- [DIRECTIONS] Once the pictures are set aside, copy the data below exactly as it stands.

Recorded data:
Segment Open

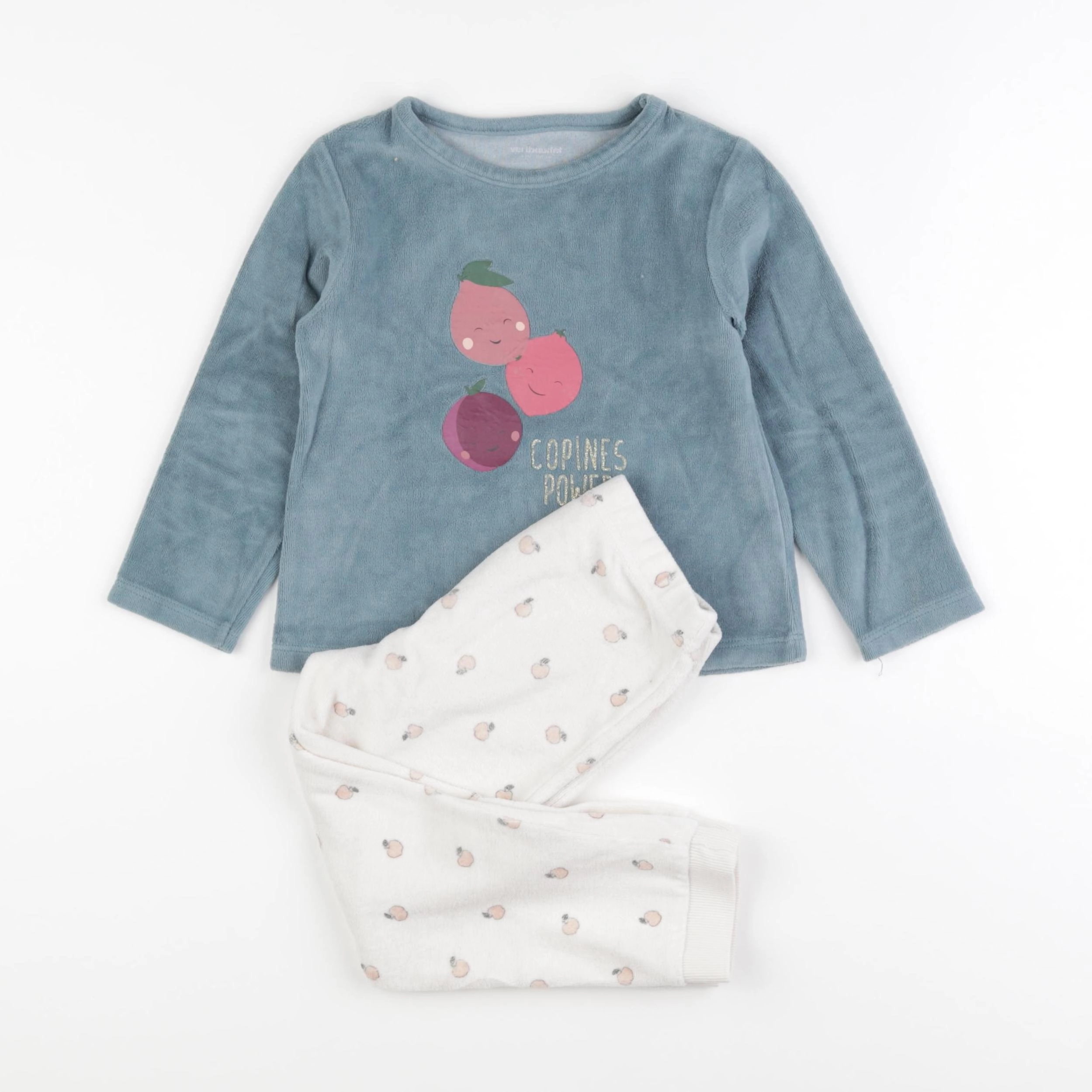 Vertbaudet - pyjama velours blanc, bleu - 4 ans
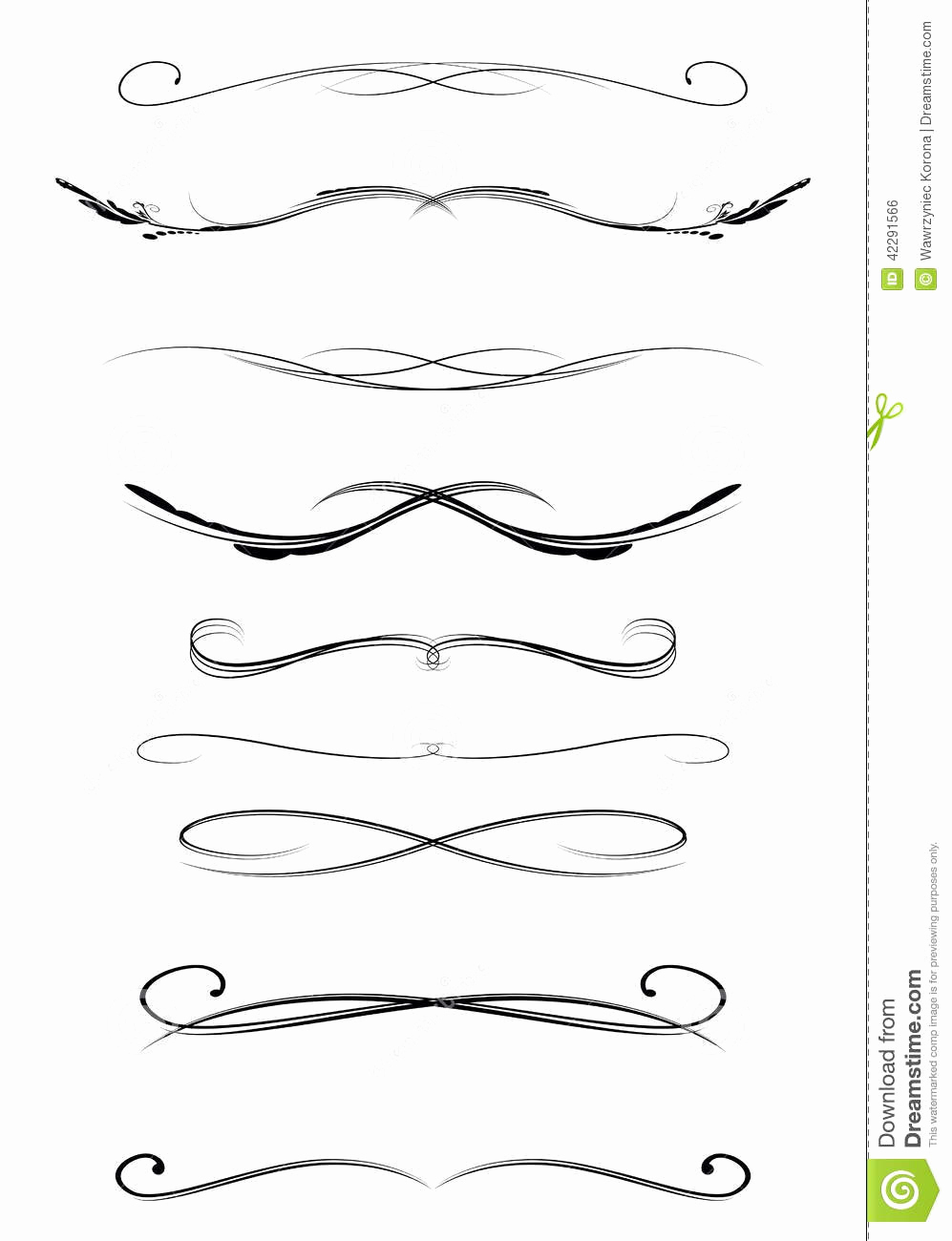 997x1300 Calligraphy Lines Vector Lovely Set Calligraphic Lines Dividers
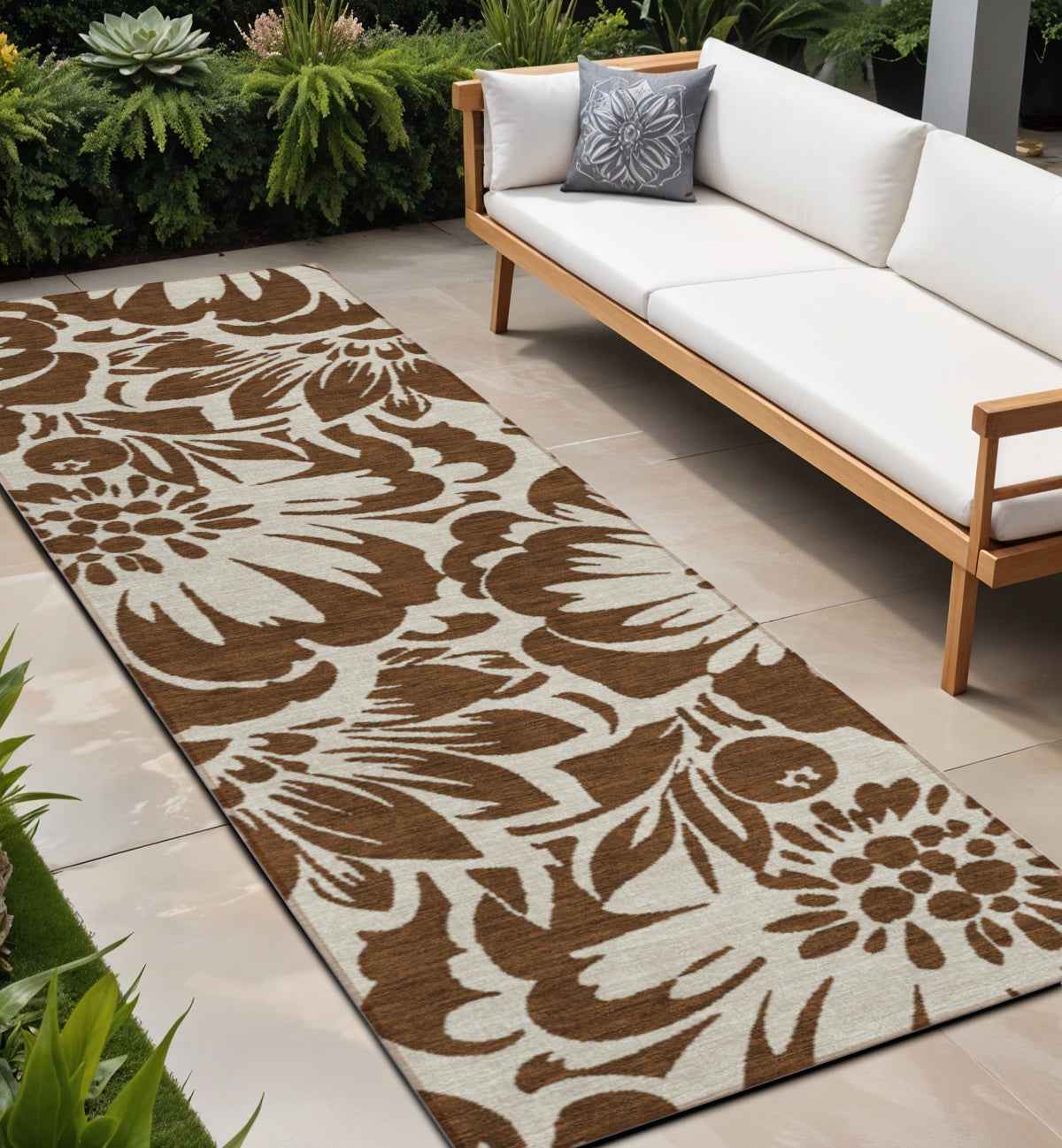 8' Brown And Ivory Floral Washable Indoor Outdoor Runner Rug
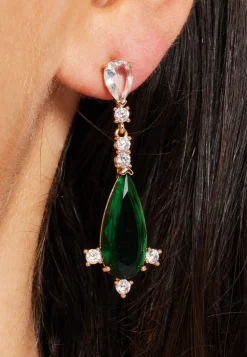 Gold & Diamond Emerald Green Tee Drop Earrings
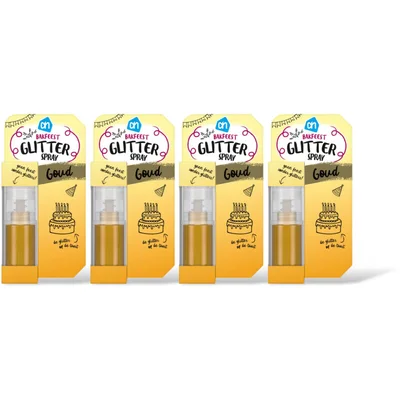 AH Bakfeest glitterspray goud 4-pack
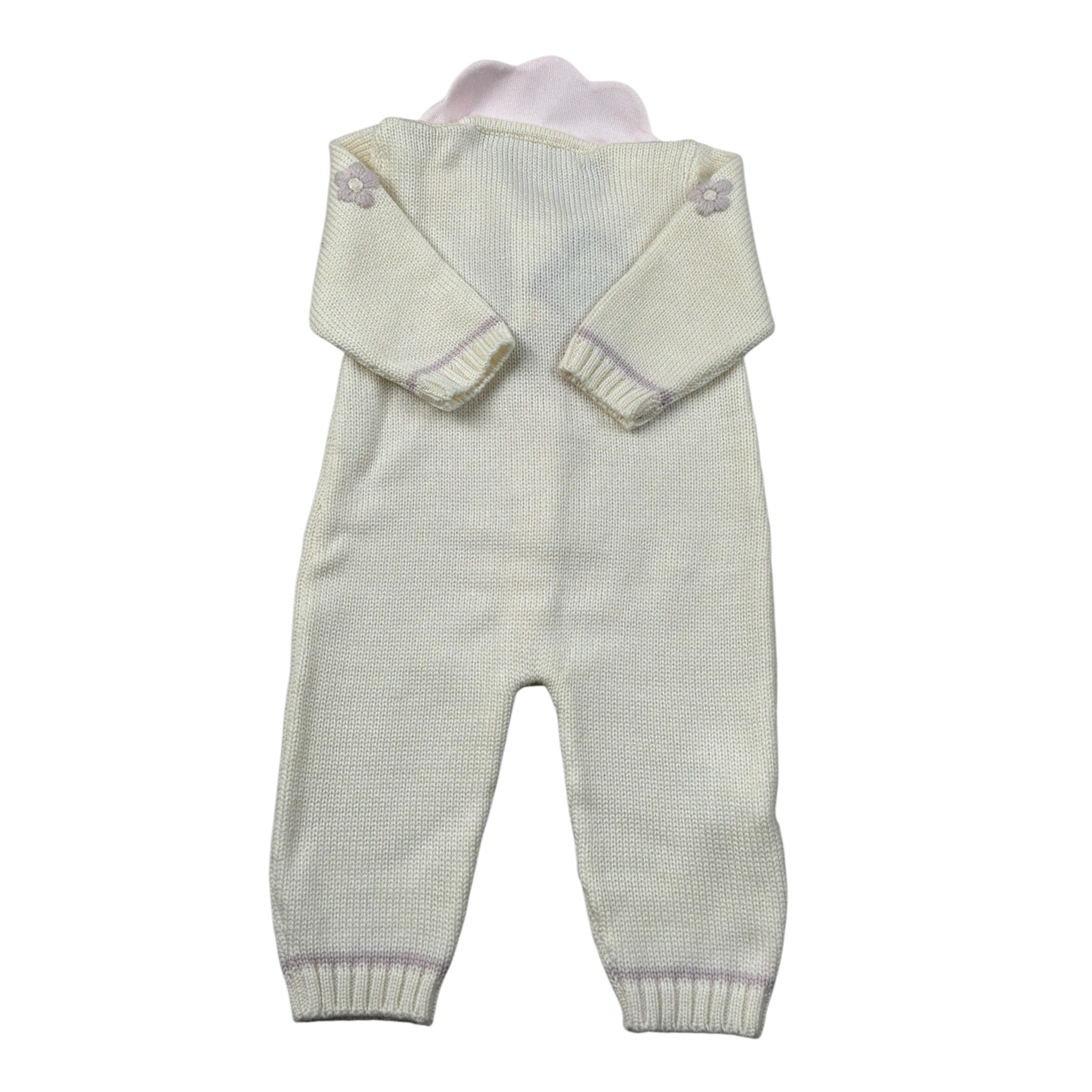 La Stupenderia Tutina Manica Lunga tinta unita con Ricami Panna per Neonata WBTT52 PANNA LA STUPENDERIA 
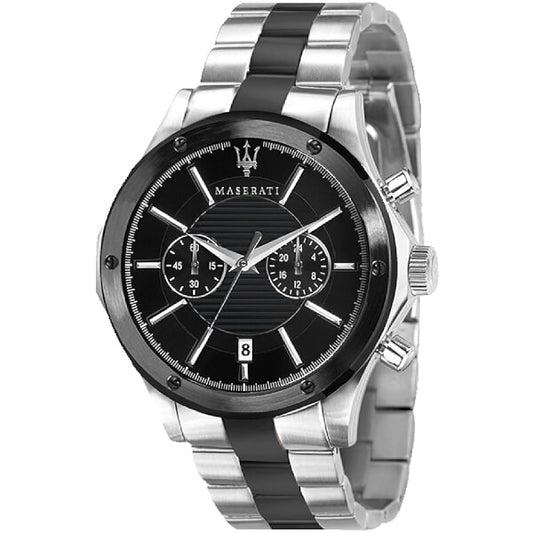 Maserati Circuito Chronograph Black Dial Two Tone Steel Strap Watch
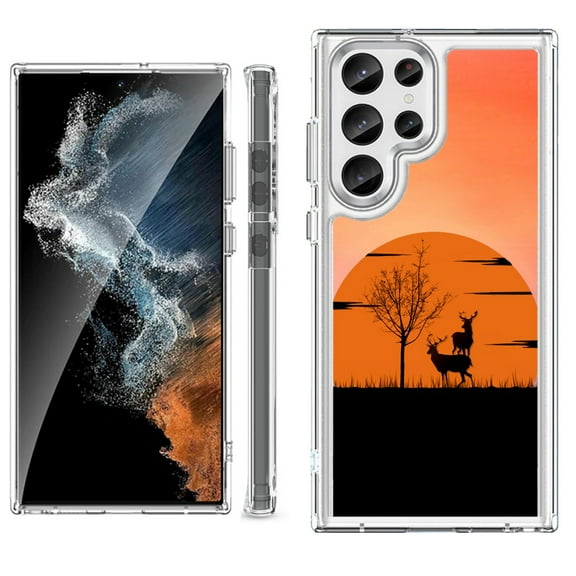 Shockproof Bumper Phone Case for Samsung Galaxy S23 Ultra 5G, by OneToughShield ® - Sunset Deer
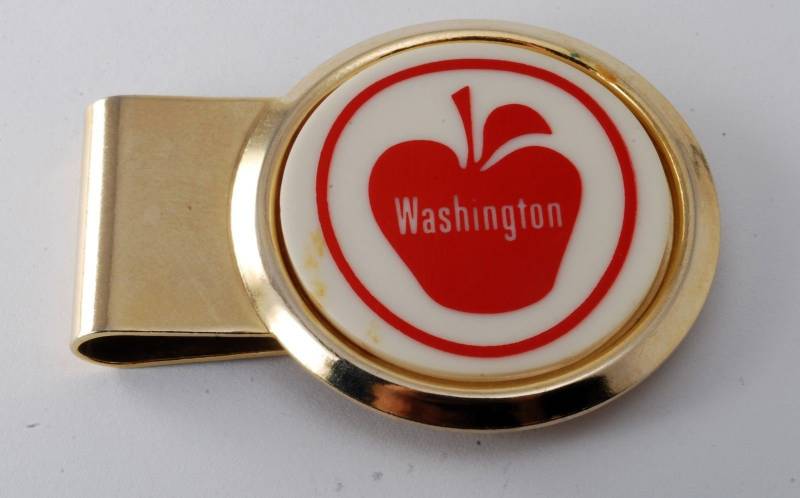 Vintage Washington State Red Apple Gold Tone Stahl Geldklammer Verwendet Signiert Hit Usa von CollectorsUtopia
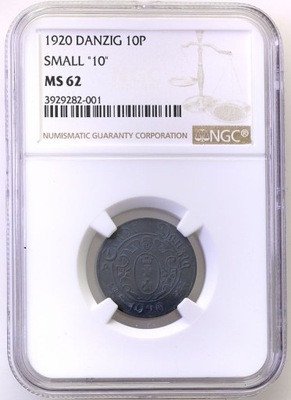 WMG Danzig 10 fenigów 1920 cynk mała cyfra NGCMS62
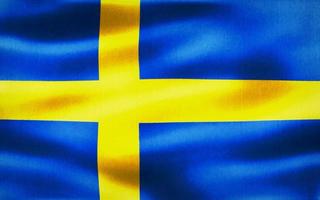 3D-Illustration of a Sweden flag - realistic waving fabric flag photo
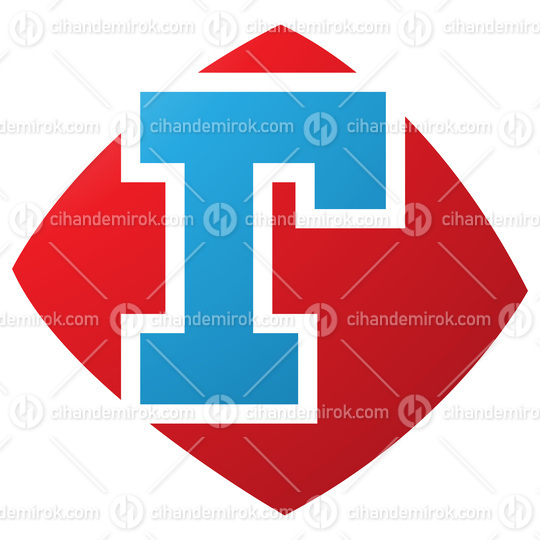 Red and Blue Bulged Square Shaped Letter R Icon
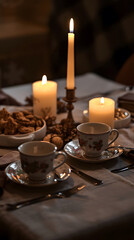 Holiday Magic: Table Decorated with a Lantern, Candles, and Pine.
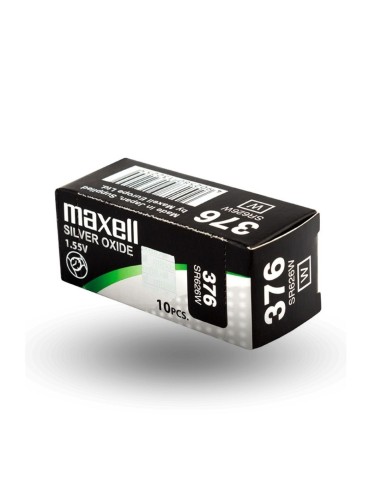 Pilas MAXELL 376 para reloj, pack de 10 uds - Larga Duración y Alta Calidad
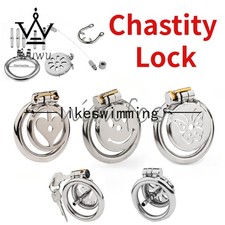 Stainless Steel Male Flat Chastity Cage Devices Anti Cheating Ring Lock Belt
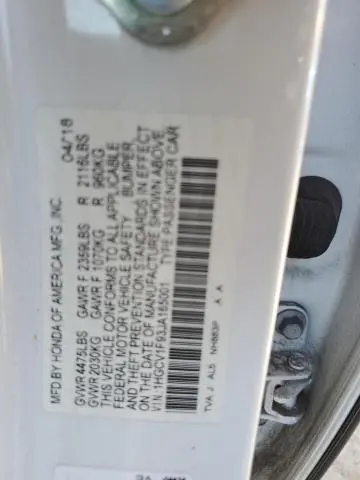 2018 HONDA ACCORD TOURING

Segment Closed

- [EXERCISE SOLUTION]
 Vertbaudet - pyjama velours blanc, bleu - 4 ans
 997x1300 Calligraphy Lines Vector Lovely Set Calligraphic Lines Dividers
 8' Brown And Ivory Floral Washable Indoor Outdoor Runner Rug
 Gold & Diamond Emerald Green Tee Drop Earrings
 AH Bakfeest glitterspray goud 4-pack
 La Stupenderia Tutina Manica Lunga tinta unita con Ricami Panna per Neonata WBTT52 PANNA LA STUPENDERIA 
 Maserati Circuito Chronograph Black Dial Two Tone Steel Strap Watch
 Shockproof Bumper Phone Case for Samsung Galaxy S23 Ultra 5G, by OneToughShield ® - Sunset Deer
 Vintage Washington State Red Apple Gold Tone Stahl Geldklammer Verwendet Signiert Hit Usa von CollectorsUtopia
 WMG Danzig 10 fenigów 1920 cynk mała cyfra NGCMS62
 3D-Illustration of a Sweden flag - realistic waving fabric flag photo
 Red and Blue Bulged Square Shaped Letter R Icon
 Holiday Magic: Table Decorated with a Lantern, Candles, and Pine.
 Pilas MAXELL 376 para reloj, pack de 10 uds - Larga Duración y Alta Calidad
 Stainless Steel Male Flat Chastity Cage Devices Anti Cheating Ring Lock Belt
 2018 HONDA ACCORD TOURING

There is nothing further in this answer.